Mario Yagubi is an American medical doctor and restaurateur who was the president and CEO of Boxing 360, a boxing promotional group located in New York City, United States, founded in 2009.

==Boxing 360==

Yagobi's boxing outfit managed and promoted the career of a number professional fighters, primarily located in the New York City area or relocated to New York City under his guidance. On September 10, 2011, Yagobi promoted his first world champion, Amanda Serrano, to the International Boxing Federation's female version of the super featherweight world title, in the main event of a special September 11 attacks boxing tribute card held at Aviator Arena in Brooklyn. Serrano knocked down and stopped Kimberly Connor in the second round (opponent Kimberly Connor had not lost a pro bout in seven years) of the IBF inaugural female world title bout, to win Yagobi his first world champion under the Boxing 360 banner.
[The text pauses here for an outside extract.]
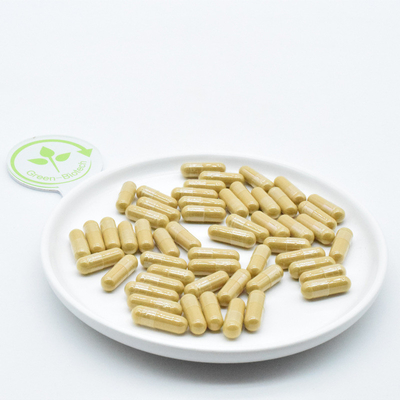 Changbai Mountain Panax Ginseng Racines pharmaceutiques Ginseng frais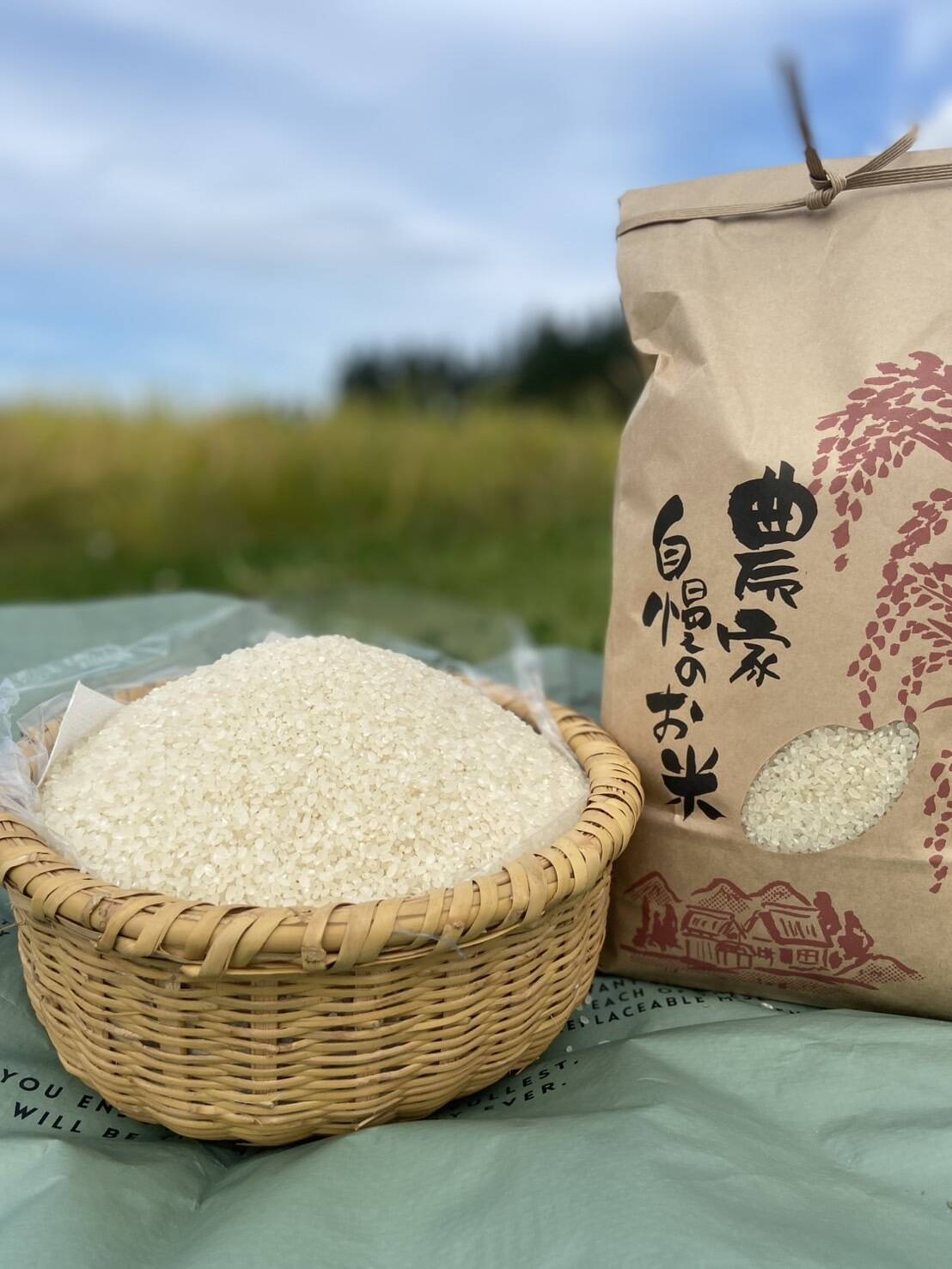 新米】令和8年魚沼産コシヒカリ白米5kg：新潟県産の加工品｜食べ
Yagobi is the owner-operator of 1849 Restaurant, Bar and Parlor in Greenwich Village.

==NYSAC action of 2014==
Boxing 360 no longer exists. The New York State Athletic Commission discontinued Yagubi's promoter's license in 2014, and released all Boxing 360 fighters from their contracts in 2014 after complaints, freeing them to sign with other promoters.
Yagubi faced no legal action, but he abandoned his promotional career prematurely. Subsequently, one of Yagubi's forgotten unbeaten fighters, Guyana super middleweight prospect Lennox Allen, won a WBA title on USA ESPN, on February 15, 2019.